» Given material
· · · ·

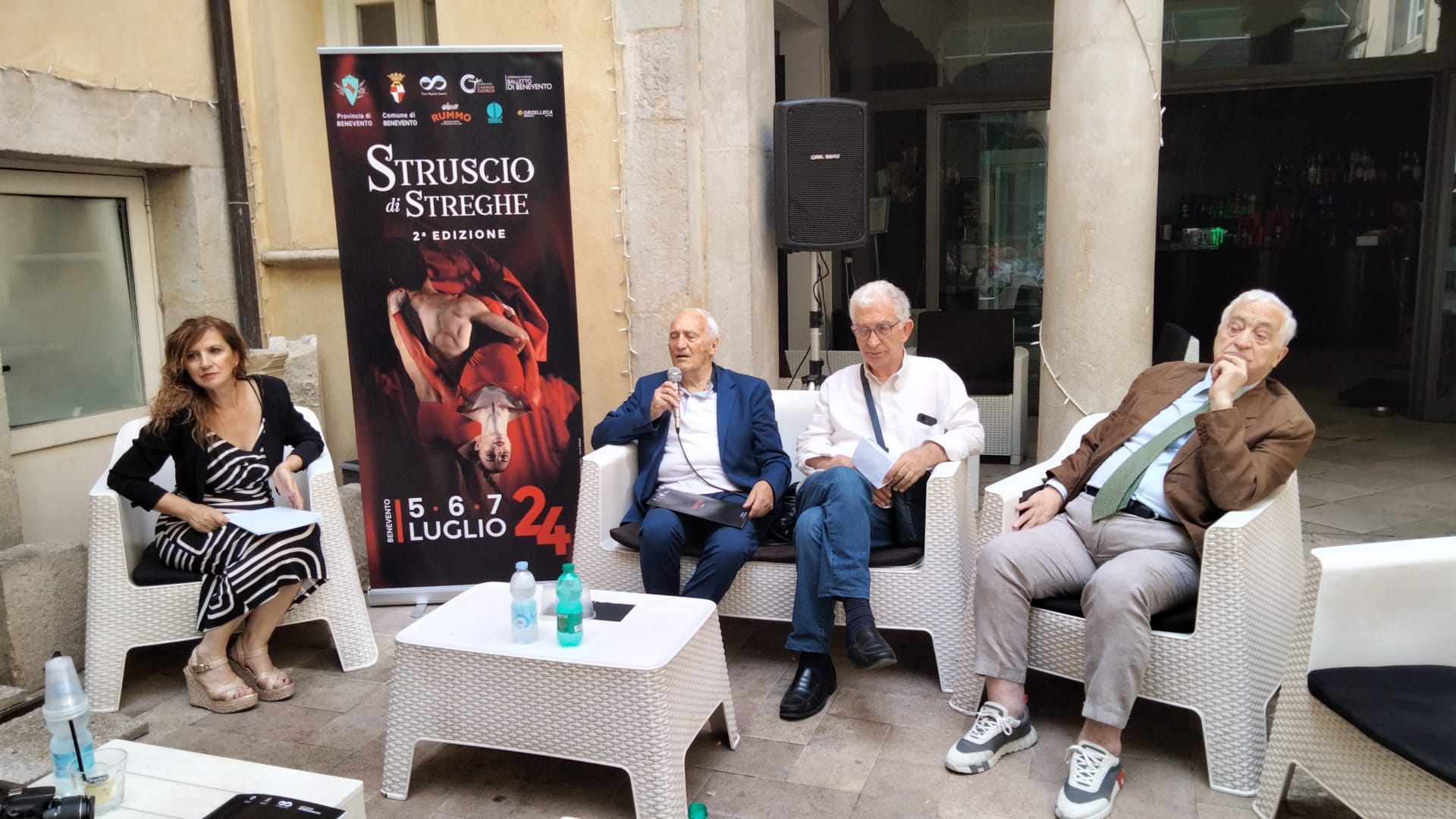 “Struscio di Streghe”, Benevento danza al ritmo delle Janare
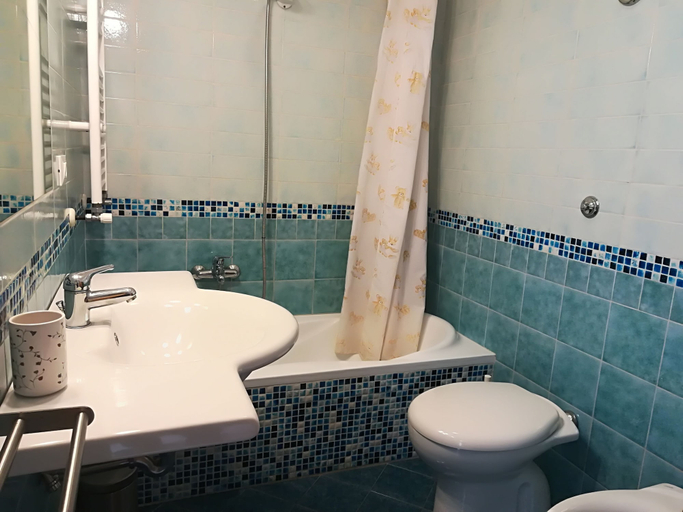 Others 3, Holiday House "laura" Otranto Center, Salento 6 Places, Lecce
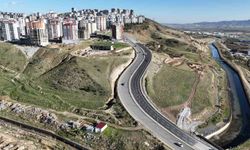 Kahramanmaraş'ta yenilenen bulvar trafiğe açıldı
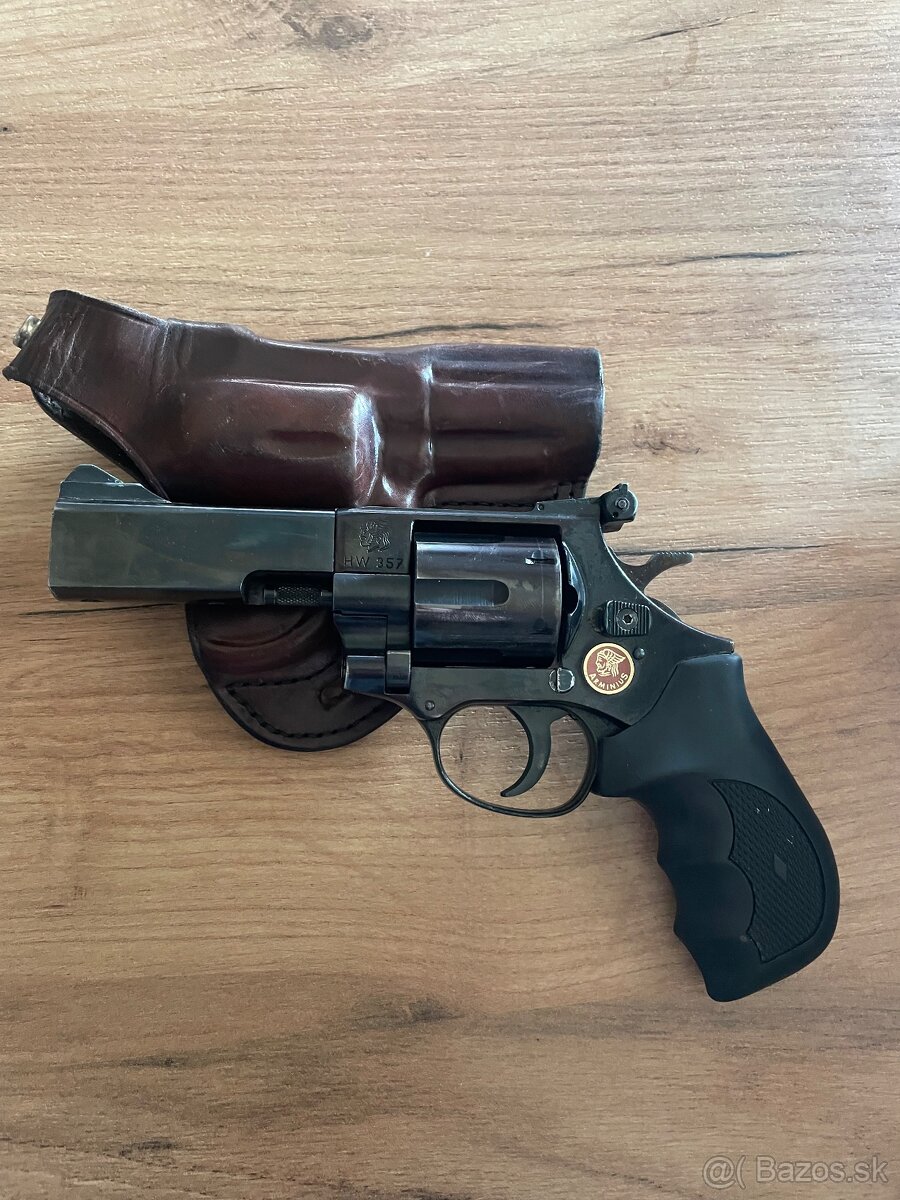 Revolver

· · · ·

» Problem requirements
Skip the pictures. Write out exactly the lines from the one with "Kahramanmaraş'ta yenilenen bulvar" through the last line of the listing, both ends included, and nothing more.

» Exercise response
 Kahramanmaraş'ta yenilenen bulvar trafiğe açıldı
 Revolver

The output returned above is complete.